Physical Courage: This is a willingness to push the limits of one’s body. This is the kind of courage that shows up in all sorts of athletics, in individual pursuits like skiing and mountain biking and motocross—places where injuries are both common and (often) significant.
Battle Fortitude: is a term that refers to one’s willingness to take grave chances with one’s life in the company of like-minded individuals. This clearly overlaps with moral courage (for example, this great talk by New Yorker writer Calvin Trillin on the Freedom Riders), but really applies to anything from football through war— meaning it pops up when one takes the “field (be it a battlefield or field of play) with “teammates.” Thus the courage required is a shared, cooperative psychological state, rather than an individual necessity.
Moral Courage: This is the courage to stand up for one’s beliefs in the face of overwhelming opposition. It’s best exemplified by the actions of Mahatma Gandhi or Rosa Parks. While it seems likely that there are examples of moral courage independent of other types, this particular subsets seems to include parts of physical and intellectual courage (see below), alongside empathetic courage (again see below).

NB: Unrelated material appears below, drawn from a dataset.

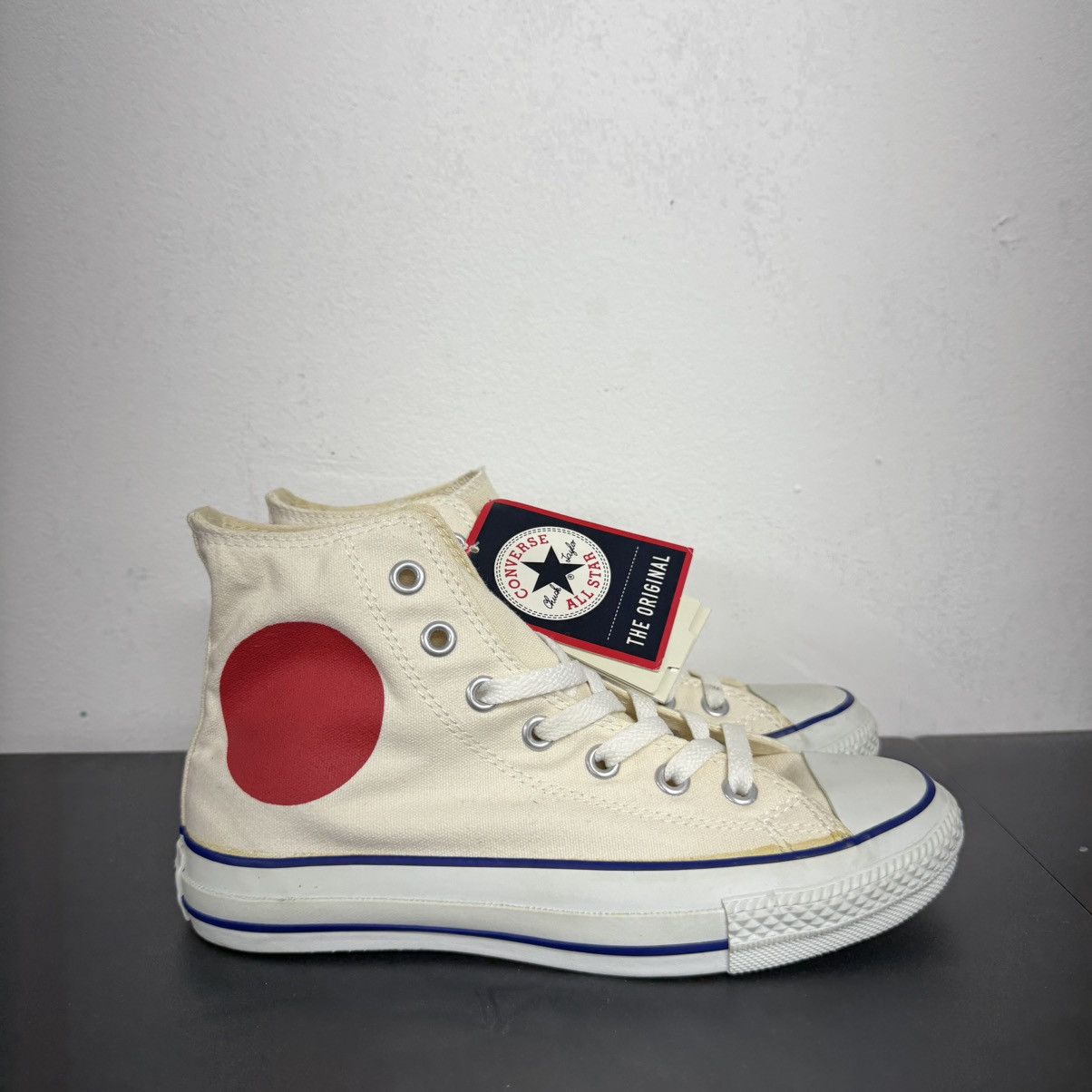 Converse NOS🔥 Converse Chuck Taylor All Star Originator Hinomaru Size US 5 / EU 37 - 1 Thumbnail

Intellectual Courage: Obviously, this is the willingness to come out in favor of an idea that others find patently ridiculous. I think there are probably a few subset in here as there seems to be some kind of fundamental difference between, say, Galileo’s courage to argue that the earth revolves around the sun (based on scientific evidence) and the courage to defend an idea like creationism (that flies in the face of scientific evidence), but how to tease them apart further is not yet clear.
Empathetic Courage: Empathetic courage is the ability to feel deeply for another being. A great example of this is the animal rescue community.

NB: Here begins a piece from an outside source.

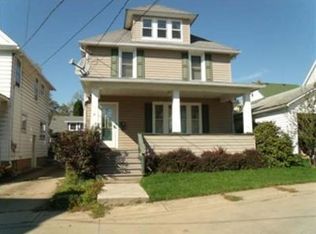 31 Glenwood St, Warren, PA 16365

Maternal/Paternal Courage: This one may be much more natural than nurture, but when parents do things like rush into burning buildings to save their offspring, this is exactly what we’re seeing.
Decision Making in the Face of Uncertainty: As Daniel Kahneman proved over 30 years ago, decision-making under uncertainty is not easy. In fact, in our modern world—where the proliferation of choice is both expanding exponentially and psychologically crippling, just choosing what to eat for dinner is often a very complicated decision (and one that our species really didn’t start making in earnest until this century).
Stamina: This is different than physical courage. Physical courage requires confronting catastrophic consequences (thus there’s an element of heavy uncertainty at work here), while stamina—like the fortitude to run a marathon or swim across the English Channel)—requires the ability to confront constant pain and exhaustion for a set period of time (no uncertainty, tri-athletes know the race will hurt, but they also know they’ve confronted such pain previously and can take it).
Emotional Courage: This is a willingness to do something like get divorced or break up with your boyfriend and the like, where one knows that you will feel emotionally wretched for a considerable period of time afterward, yet you’re still willing to suffer those consequences for a greater emotional (ie. chance at happiness) pay-off later.
Tactical Courage: This is a willingness to put the lives of others at risk—like what happens when a general sends an army into battle or the CIA sends a spy into hostile territory.
Intoxication: A lot of folks would be hesitant to include this category here (believing intoxication a kind of false courage), but based on Ronald Siegel's work at UCLA, intoxication is one of the oldest forms of bravery amplification known to man and one of the most frequent forms to surface in society.
Fiscal Courage: The willingness to risk one’s money, either in the stock market or the poker table or in start-up companies the world over. Since money is nothing beyond a stand- in for all things survival, this form of courage deserves its own category.